**Dataset content:**

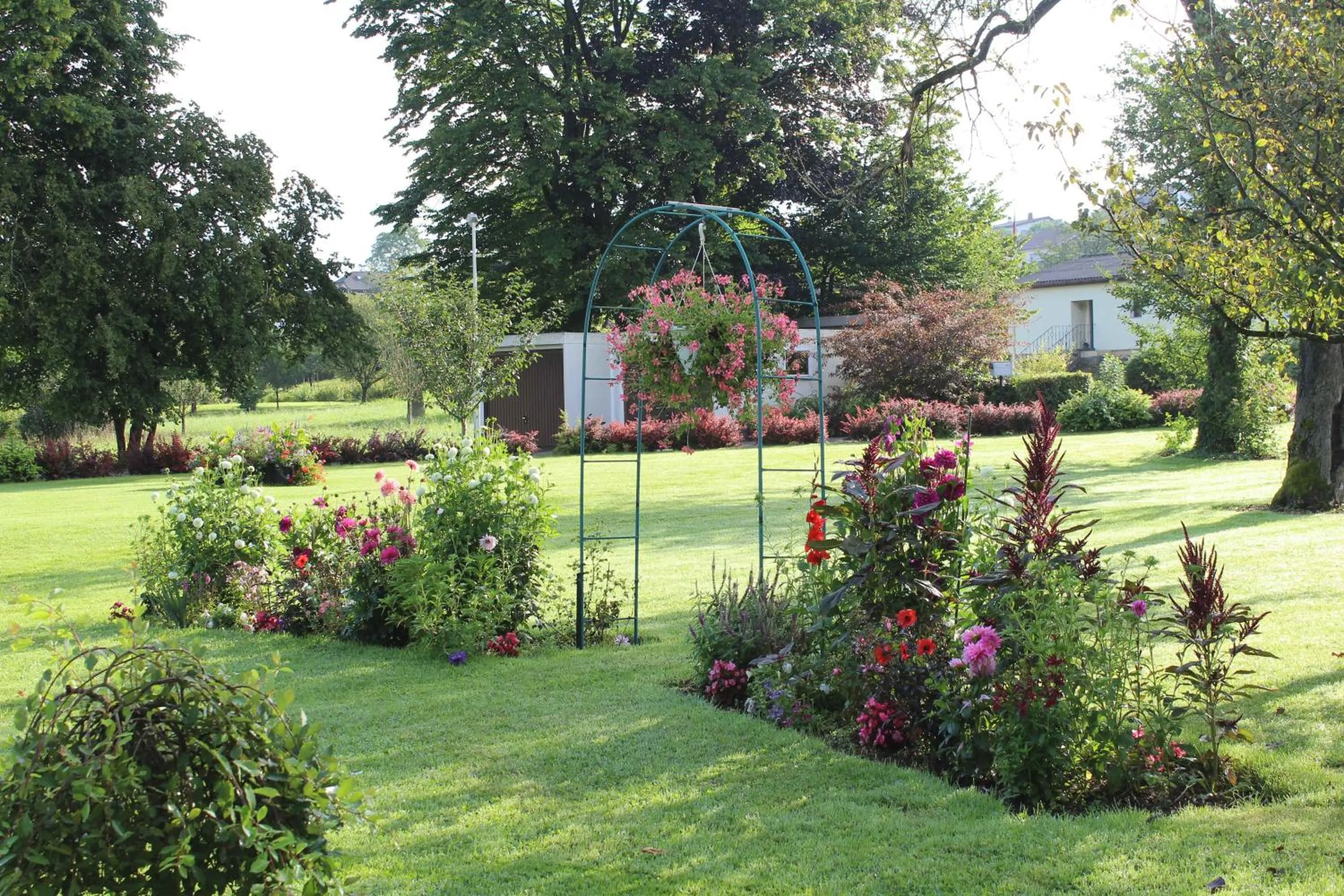 Garden view in Les Petites Chambres de la Bleue Maison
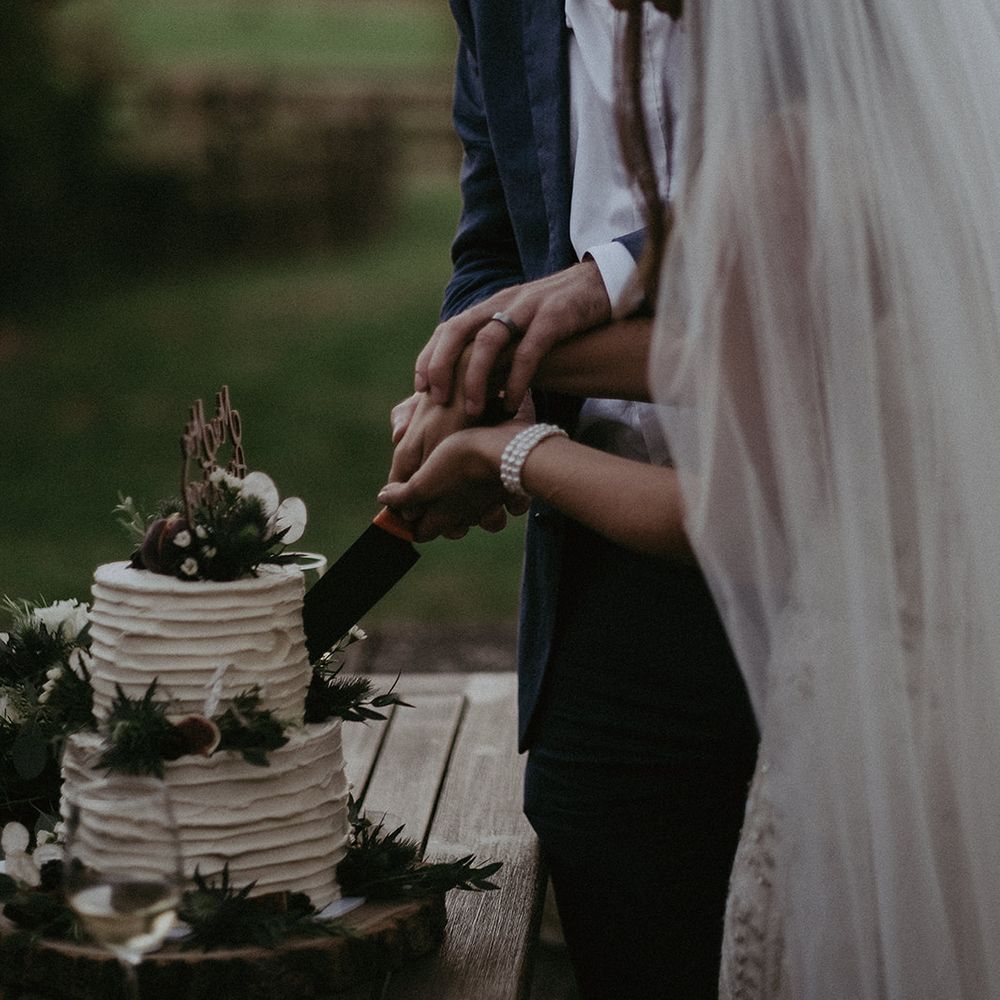 Bride & groom cut cake on their wedding day outdoors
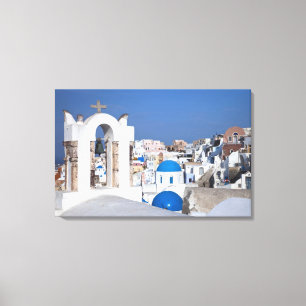 Greece, Santorini. Bell tower and blue domes of 2 Canvas Print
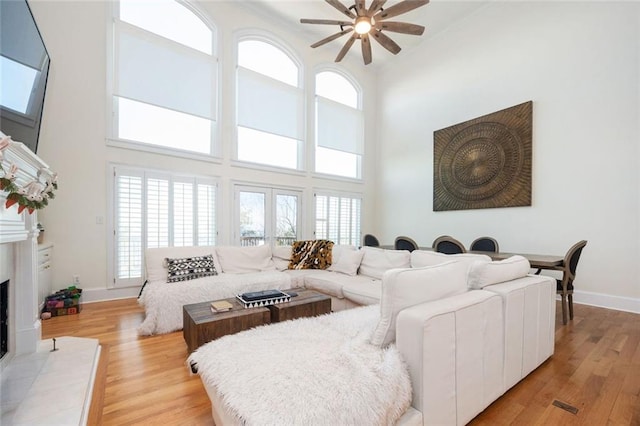 living room with baseboards, a healthy amount of sunlight, a tiled fireplace, and light wood-style floors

**What is being asked:** Nothing should be printed except the lines from the one with "Greece, Santorini. Bell" through the last line of the listing above, both ends included; please drop the pictures.

**Written reply:**
 Greece, Santorini. Bell tower and blue domes of 2 Canvas Print
 living room with baseboards, a healthy amount of sunlight, a tiled fireplace, and light wood-style floors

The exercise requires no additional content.